Saved data entries:
::::::::::

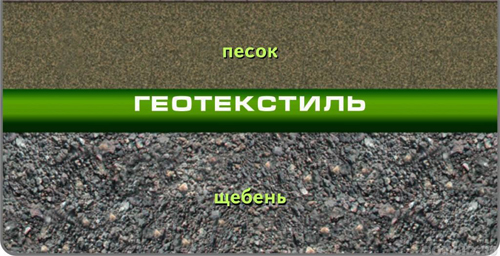 Укладка геотекстиля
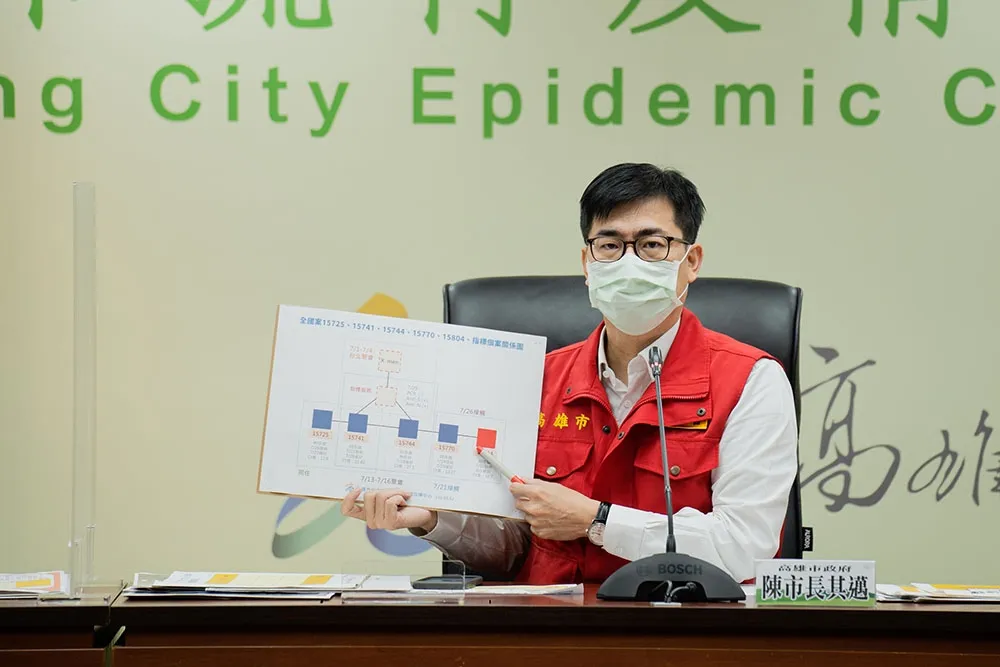高市府：「指標個案」疫調　研判感染時間應在三週以上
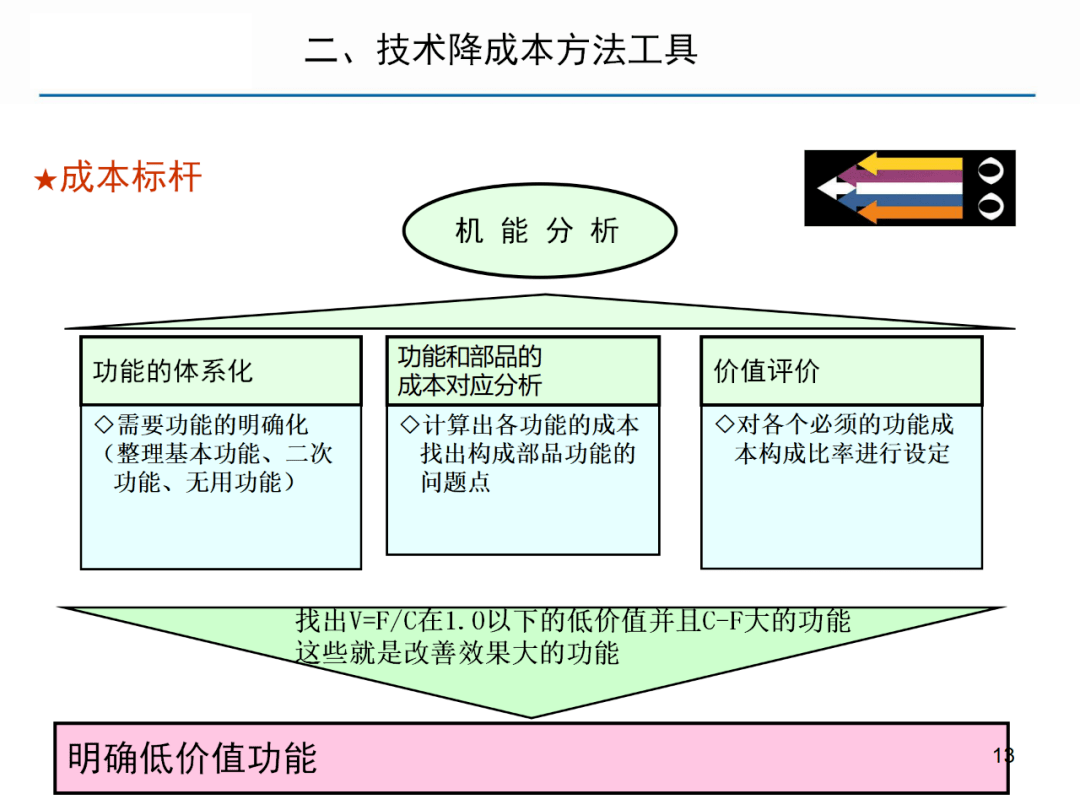 精通技术之精算师，降低保费的关键角色解析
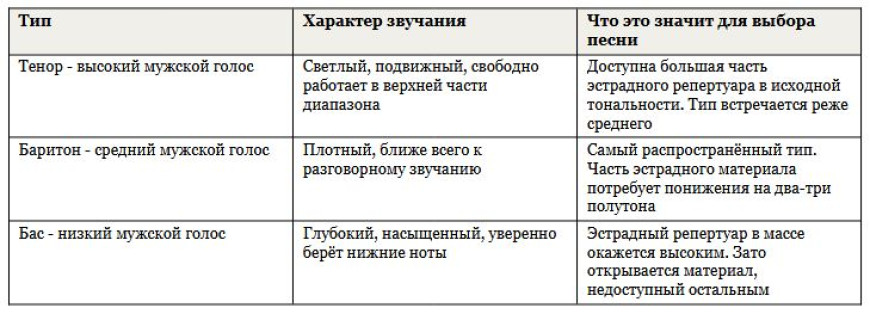 Песни для караоке для мужчин - что спеть, чтобы попасть в ноты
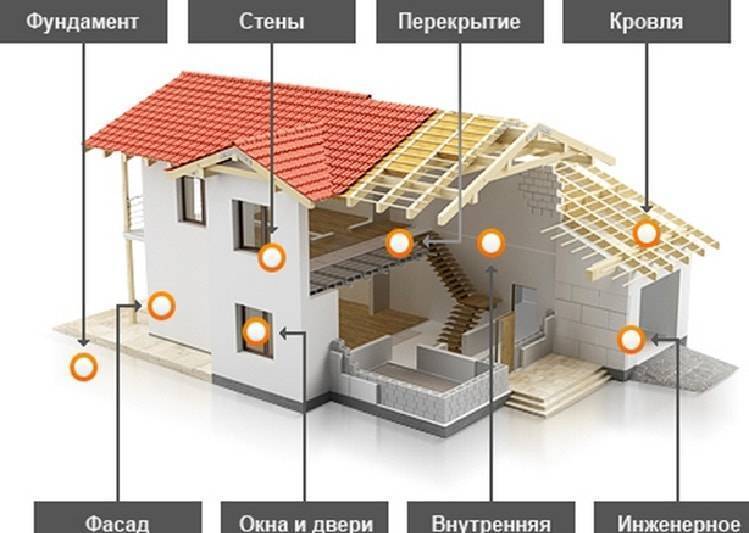 Уменьшение теплопотерь дома до 50%: самые эффективные способы!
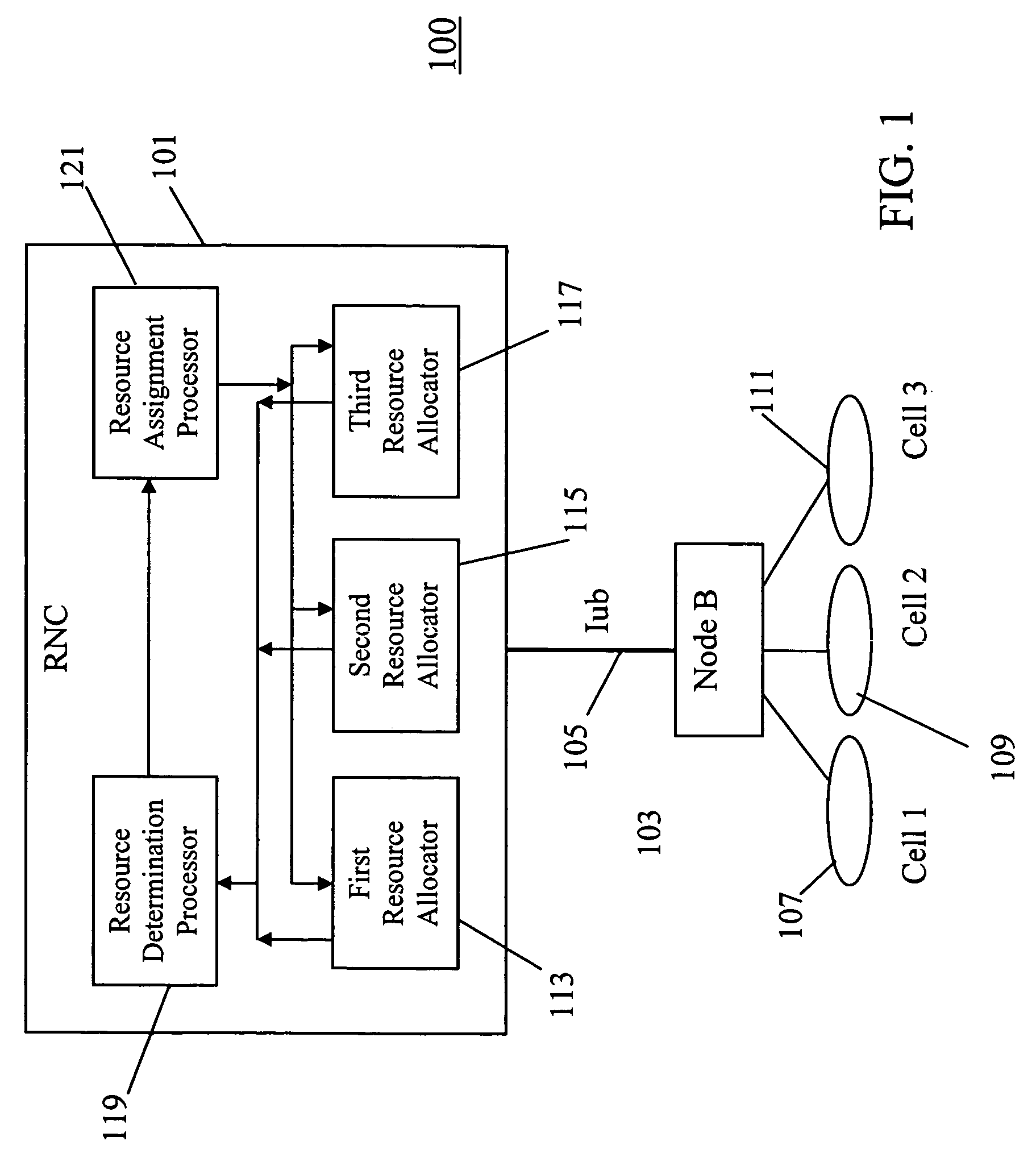 Scheduling data across a shared communication link in a cellular communication system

::::::::::

What's needed is every line above, retyped exactly and free of pictures.

 Укладка геотекстиля
高市府：「指標個案」疫調　研判感染時間應在三週以上
 精通技术之精算师，降低保费的关键角色解析
 Песни для караоке для мужчин - что спеть, чтобы попасть в ноты
 Уменьшение теплопотерь дома до 50%: самые эффективные способы!
 Scheduling data across a shared communication link in a cellular communication system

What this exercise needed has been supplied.